**YOUR ASSIGNMENT:** Using the data that follows, give again word for word the lines between the one holding "Strange Cvlt Black" and the one holding "Hama - Powerbank", inclusive. Omit the pictures.

**INPUT MATERIAL:**
◇ ◇ ◇ ◇ ◇

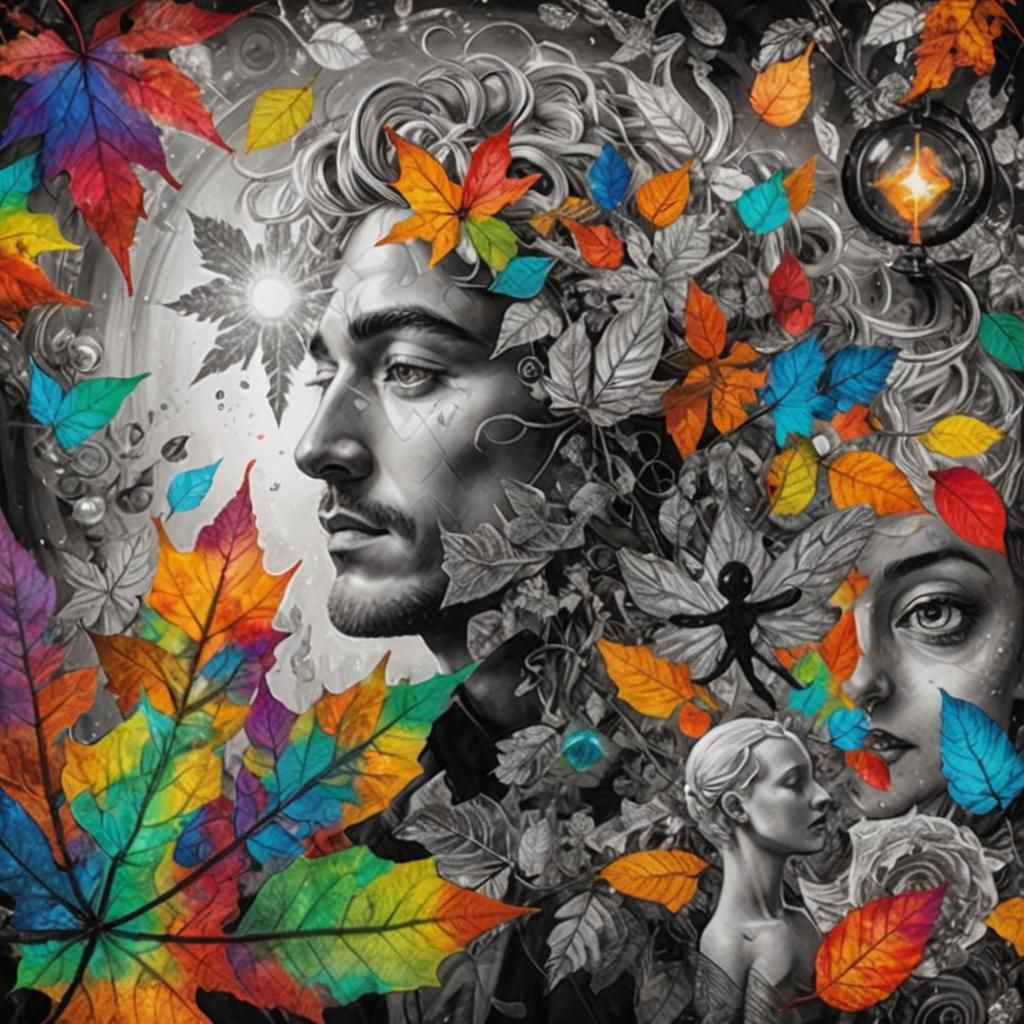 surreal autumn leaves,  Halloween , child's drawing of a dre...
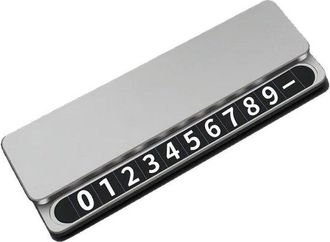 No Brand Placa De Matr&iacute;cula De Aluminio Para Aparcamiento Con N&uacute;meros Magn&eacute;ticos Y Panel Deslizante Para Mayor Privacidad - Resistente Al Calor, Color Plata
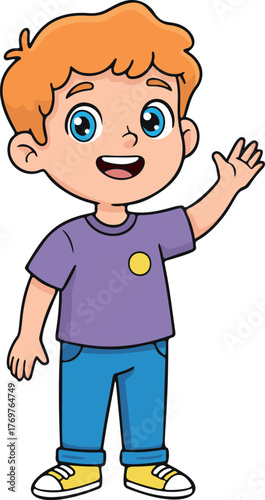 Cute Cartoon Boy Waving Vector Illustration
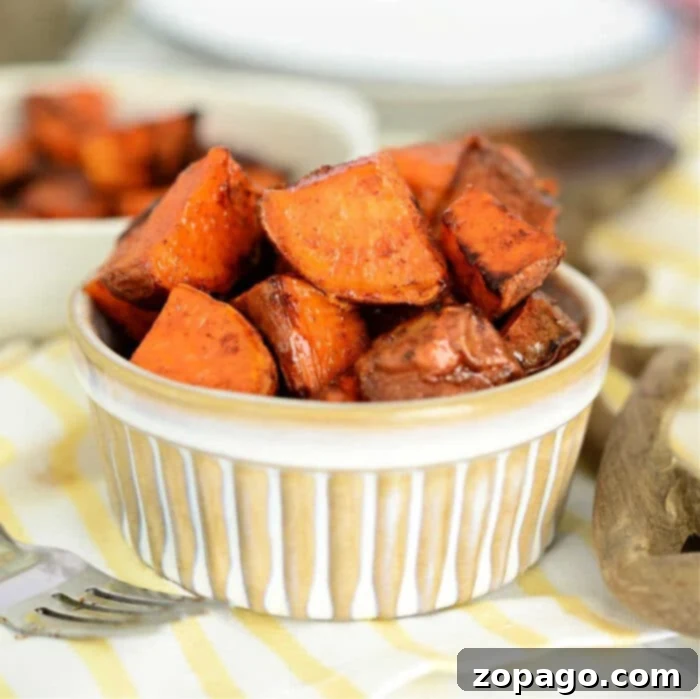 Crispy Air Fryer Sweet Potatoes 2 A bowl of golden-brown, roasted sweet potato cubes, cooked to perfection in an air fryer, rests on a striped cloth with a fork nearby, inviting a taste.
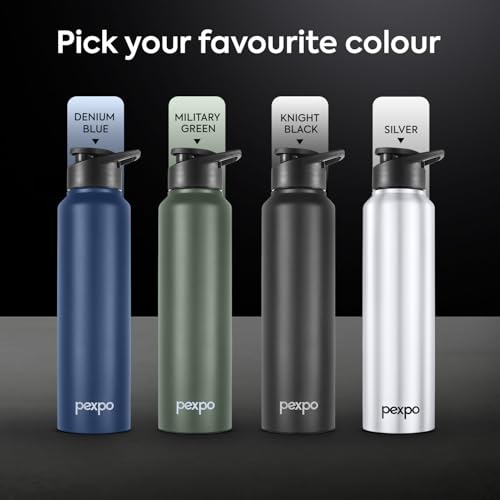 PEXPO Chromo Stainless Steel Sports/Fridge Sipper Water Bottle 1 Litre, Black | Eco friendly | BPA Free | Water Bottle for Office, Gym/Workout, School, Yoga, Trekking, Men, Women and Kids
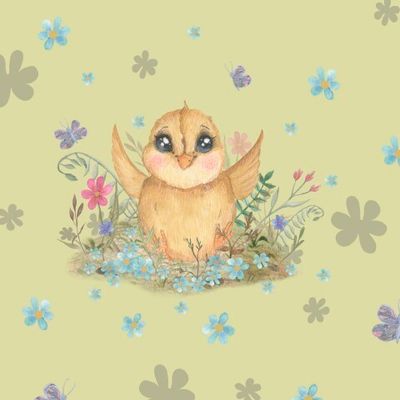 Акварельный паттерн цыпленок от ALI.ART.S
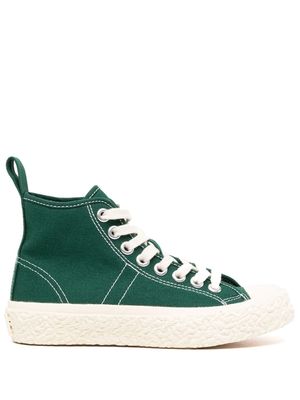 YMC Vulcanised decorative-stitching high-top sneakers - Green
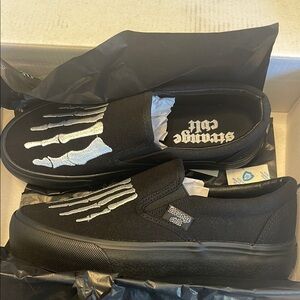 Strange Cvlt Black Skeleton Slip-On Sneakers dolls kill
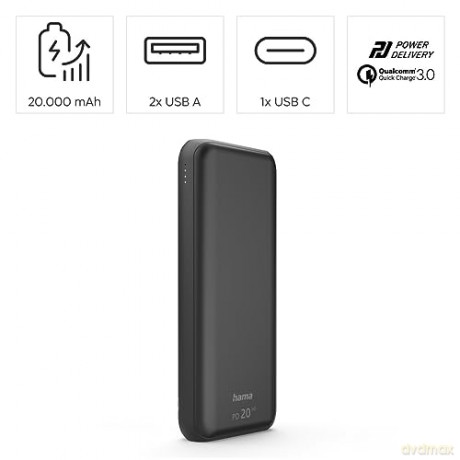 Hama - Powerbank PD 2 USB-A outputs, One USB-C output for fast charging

◇ ◇ ◇ ◇ ◇

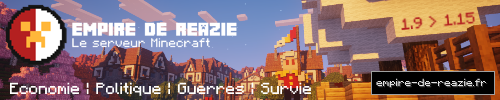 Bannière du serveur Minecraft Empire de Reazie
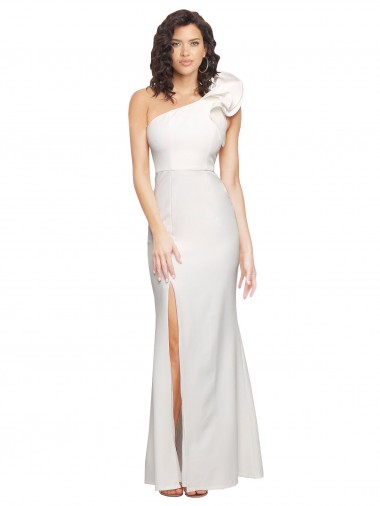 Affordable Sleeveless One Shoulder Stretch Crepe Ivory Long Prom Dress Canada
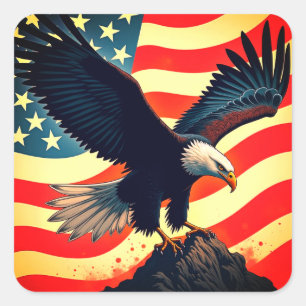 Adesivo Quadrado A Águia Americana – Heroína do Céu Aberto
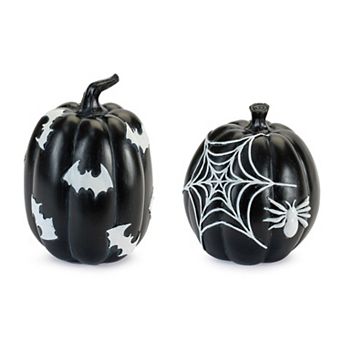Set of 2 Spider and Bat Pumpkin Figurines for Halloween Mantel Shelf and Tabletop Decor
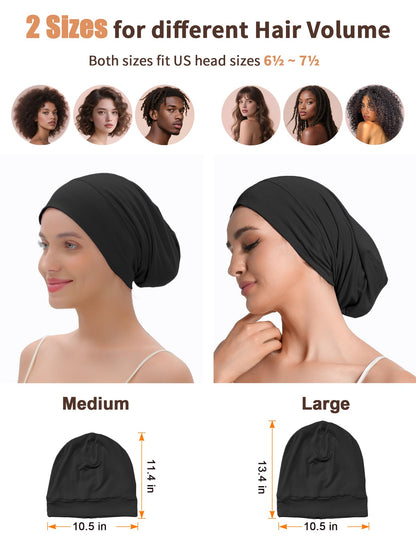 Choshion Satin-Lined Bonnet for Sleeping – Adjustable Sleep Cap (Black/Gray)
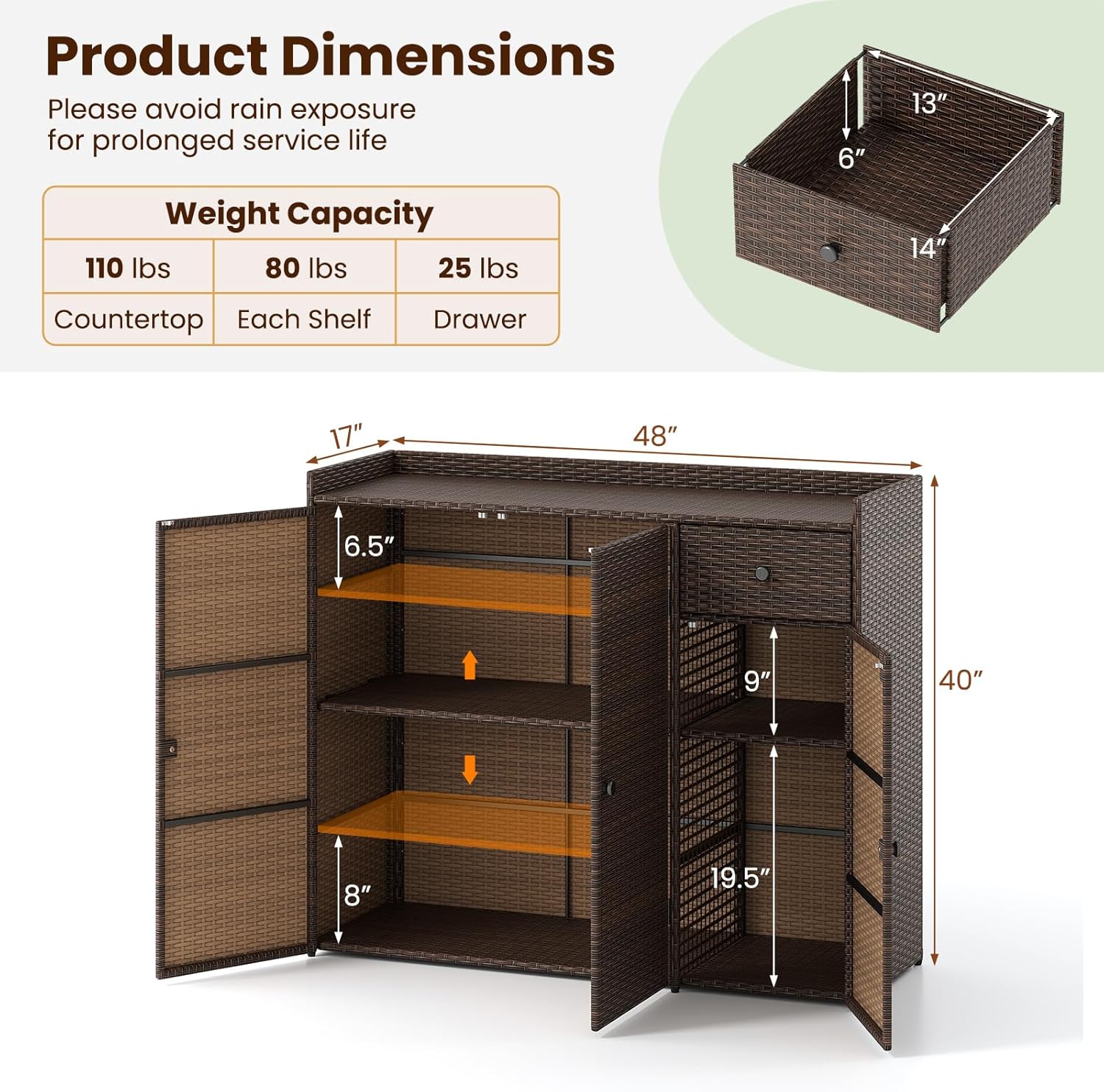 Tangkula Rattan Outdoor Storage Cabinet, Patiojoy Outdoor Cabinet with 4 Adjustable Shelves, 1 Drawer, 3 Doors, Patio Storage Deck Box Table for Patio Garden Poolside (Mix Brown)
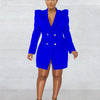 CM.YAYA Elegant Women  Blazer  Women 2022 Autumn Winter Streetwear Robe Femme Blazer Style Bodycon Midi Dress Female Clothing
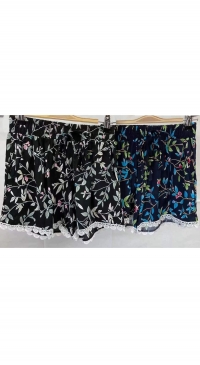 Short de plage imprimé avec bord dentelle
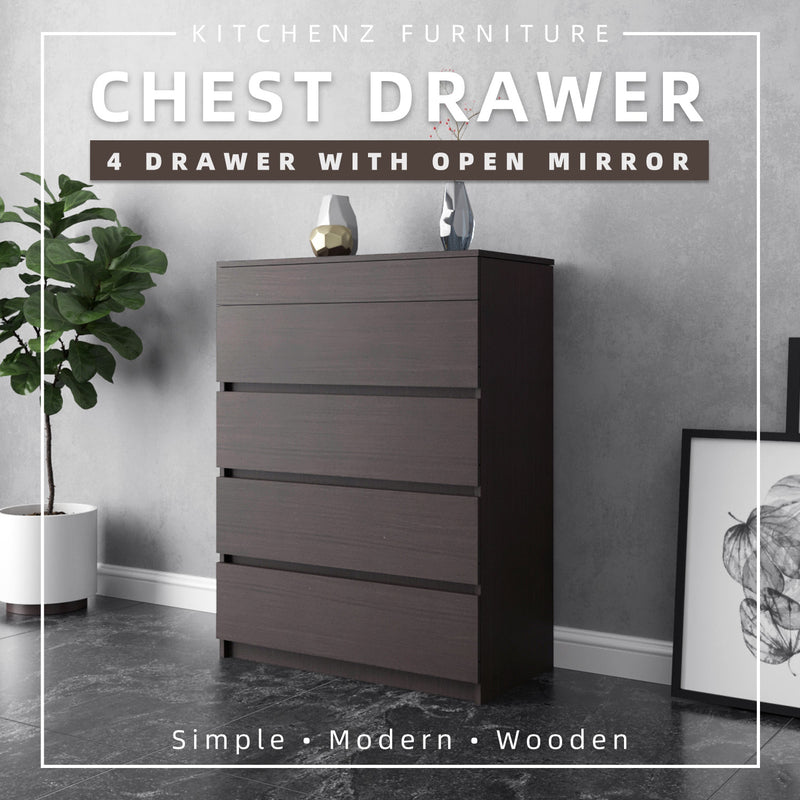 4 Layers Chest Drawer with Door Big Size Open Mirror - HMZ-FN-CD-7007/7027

◇ ◇ ◇ ◇ ◇

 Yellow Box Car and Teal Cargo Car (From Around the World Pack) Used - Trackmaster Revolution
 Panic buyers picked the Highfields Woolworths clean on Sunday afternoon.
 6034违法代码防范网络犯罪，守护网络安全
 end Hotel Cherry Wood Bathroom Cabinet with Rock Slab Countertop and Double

◇ ◇ ◇ ◇ ◇

**RESULT FOR THIS TASK:**
 Strange Cvlt Black Skeleton Slip-On Sneakers dolls kill
 Hama - Powerbank PD 2 USB-A outputs, One USB-C output for fast charging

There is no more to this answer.